Regional overview
The Lewis Hills are an ophiolite-and-peridotite massif on the west coast of insular Newfoundland, sitting between Stephenville to the south and Corner Brook to the north, on the south side of the Bay of Islands. They form the southernmost of the four Bay of Islands Ophiolite massifs — Lewis Hills, Blow Me Down Mountains, North Arm Hills/Gregory Mountains, and the Tablelands in Gros Morne National Park — exposing mantle peridotite that weathers to a rusty, almost plant-free barren. The high point, The Cabox (812–814 m), is the highest summit on the island of Newfoundland and the highest Appalachian summit in Canada north of Quebec’s Chic-Chocs. The massif is undulating high plateau, cut by deep “gulches” (Molly Ann Gulch is the best known), with stunted tuckamore forest below, then bog, then open peridotite barren above roughly 500 m. Caribou, arctic hare, and ptarmigan are the typical wildlife of the upper plateau.

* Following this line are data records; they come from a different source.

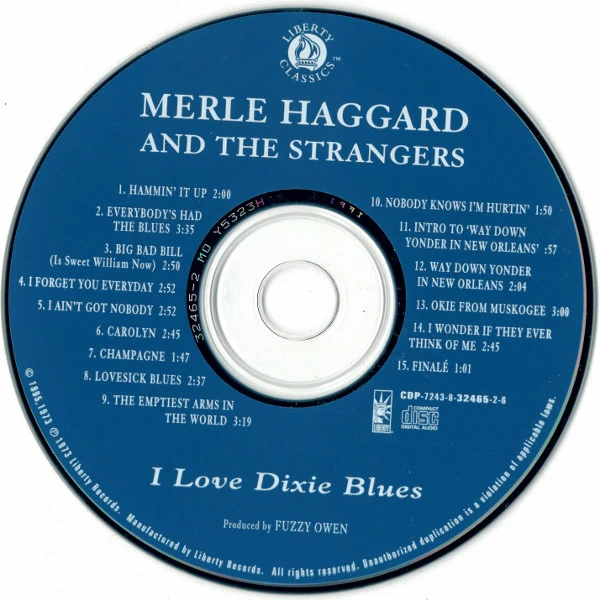Merle Haggard And The Strangers  - I Love Dixie Blues (CD) - Image 5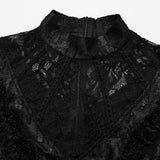 Punk Rave V-Shaped Hollows  Lace Goth Long Dress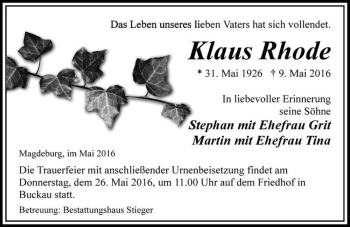 Traueranzeige von Klaus Rhode  von Magdeburger Volksstimme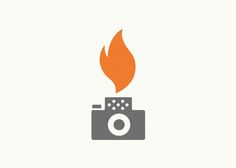 a camera with a flame on it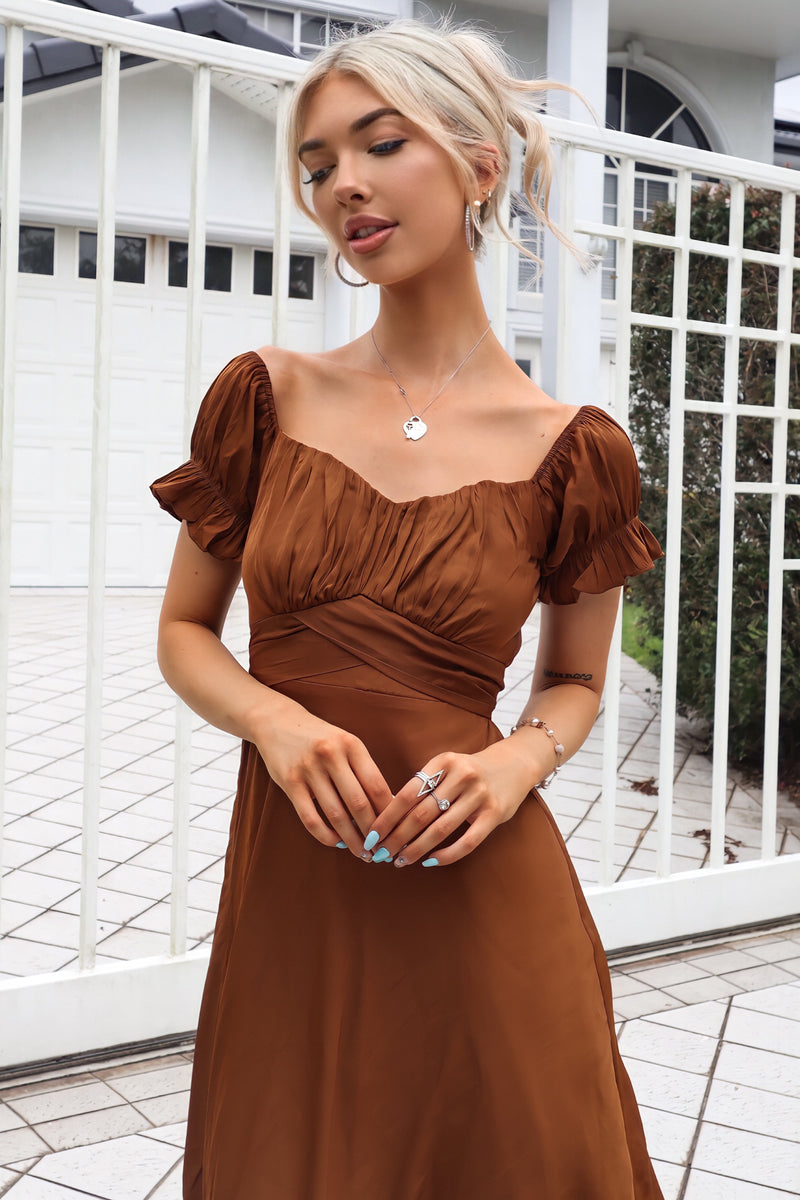 Claudia Midi Dress - Chocolate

The Lewis Hills sit outside any national or provincial park. They lie within the Cabox Aspiring Geopark project area but have no enforced trail network, no marked summit paths, and no maintained backcountry shelters. Almost all walking on the massif is by the International Appalachian Trail Newfoundland and Labrador (IATNL) backcountry routes — the Lewis Hills Trail traverse (Fox Island River to Serpentine Valley, about 32 km, normally 2–3 days) and the Cabox Summit loop (about 26.5 km from Cold Brook Road, normally a long day or 1 night). Road access is on rough logging roads: Cold Brook Road from Stephenville in the south (about 28–29 km from Route 460 to the trailhead) and Logger School Road from Mount Moriah / Benoit’s Cove in the north. A high-clearance vehicle is generally needed; logging roads change condition seasonally and have no signage or services. Frequencies of road maintenance vary; check locally before driving in.
The practical hiking season is roughly late June to early October. Snow can linger in the gulches and on north-facing slopes well into July; the upper plateau is exposed and prone to fast weather changes, with sustained winds over 100 km/h recorded in Molly Ann Gulch. There is no cell coverage on the massif and effectively no chance of casual rescue: parties should carry a satellite communicator (Garmin inReach, Zoleo, or equivalent), full navigation backup (paper map, compass, downloaded topo), and be self-sufficient. Black bears, moose, and biting insects (blackfly, mosquito) are all present; cool-season caribou herds use the upper plateau. The area is also subject to active logging access — be aware of working trucks on the approach roads.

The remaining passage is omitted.